Mise en images : interactions avec le texte

Les images de Peter Sís jouent des contrastes, ce qui peut faciliter l'interprétation : contraste entre Madlenka, petit personnage rose et jaune toujours en mouvement, et les autres personnages plus grisés et plus statiques ; contrastes entre les pages blanches et dépouillées des plans qui marquent les étapes du tour de quartier de Madlenka et les doubles pages sur fond de couleur intense - bleu nuit, vert sombre, rouge carmin…-, fourmillant de détails, qui évoquent à chaque fois une culture différente. Mais les images empruntent également à plusieurs codes ce qui à l'inverse peut rendre complexe l'élaboration de significations.

On peut mettre en relation le bouleversement des perspectives des deux premiers plans, qui permet de voir d'un seul coup d'½il toutes les façades du bloc d'immeubles, avec le propre bouleversement de Madlenka et son appel à ses amis du monde entier : " Hello, tout le monde ".
Le plan circulaire qui suit, est-il encore le pâté de maison ou/et le monde, la Terre entière à laquelle s'adresse la petite fille ? Et l'exclamation " Elle bouge " avec sa typographie mouvante, fait-elle allusion à la dent ou/et à la planète ?
En même temps, le cercle évoque une roue de la fortune, et cette idée de chance est reprise ensuite dans les expressions " Il faut fêter ça ", " Quelle bonne nouvelle ", " Ça mérite un cadeau ", " Ça te portera bonheur " …

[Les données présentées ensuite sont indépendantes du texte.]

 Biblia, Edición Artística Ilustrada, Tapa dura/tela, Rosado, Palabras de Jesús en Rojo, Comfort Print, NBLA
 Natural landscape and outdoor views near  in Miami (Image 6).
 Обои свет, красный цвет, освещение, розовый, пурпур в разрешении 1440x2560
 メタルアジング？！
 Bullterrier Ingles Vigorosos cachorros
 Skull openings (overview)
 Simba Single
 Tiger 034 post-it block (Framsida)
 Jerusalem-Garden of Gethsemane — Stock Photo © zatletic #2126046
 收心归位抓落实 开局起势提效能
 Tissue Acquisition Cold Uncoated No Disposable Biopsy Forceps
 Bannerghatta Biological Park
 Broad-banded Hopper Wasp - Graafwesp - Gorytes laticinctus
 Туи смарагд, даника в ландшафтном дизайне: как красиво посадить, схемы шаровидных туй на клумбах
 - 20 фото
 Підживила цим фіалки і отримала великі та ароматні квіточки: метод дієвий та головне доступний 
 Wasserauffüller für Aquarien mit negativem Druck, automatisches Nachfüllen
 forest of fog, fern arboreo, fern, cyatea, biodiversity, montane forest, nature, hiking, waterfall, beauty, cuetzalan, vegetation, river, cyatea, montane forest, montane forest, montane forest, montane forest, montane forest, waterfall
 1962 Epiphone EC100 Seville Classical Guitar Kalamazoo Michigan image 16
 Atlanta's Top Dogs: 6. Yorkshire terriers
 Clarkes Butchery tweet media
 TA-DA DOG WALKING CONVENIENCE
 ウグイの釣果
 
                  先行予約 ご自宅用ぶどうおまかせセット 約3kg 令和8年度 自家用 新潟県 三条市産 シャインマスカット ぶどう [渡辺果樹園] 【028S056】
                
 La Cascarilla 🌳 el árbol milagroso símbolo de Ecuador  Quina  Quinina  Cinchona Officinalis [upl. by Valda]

Commence alors le vrai tour du monde humain et culturel de Madlenka.
Son périple dans le temps et dans l'espace est matérialisé étape après étape par des plans horizontaux, non conformes à la norme mais proches de ceux produits par de jeunes enfants, comme influencés par la subjectivité du personnage. Le déplacement de Madlenka autour du quartier est symbolisé par la progression du grisé des façades, alors que les images de la petite fille sont délocalisées et se multiplient, au centre du plan ou dans le cadre qui l'entoure.
La rencontre avec Cléopâtre, la copine d'école est annoncée par sa silhouette sur le trottoir, dès la visite à Edouardo. Mais seul le texte " Cool, Baby ! Viens jouer dans la cour ! ", fait comprendre la nouvelle étape de Madlenka (une des causes éventuelles aussi de son retard ?). Un retour sur les plans permettra de repérer le porche qui permet l'entrée dans cette cour intérieure.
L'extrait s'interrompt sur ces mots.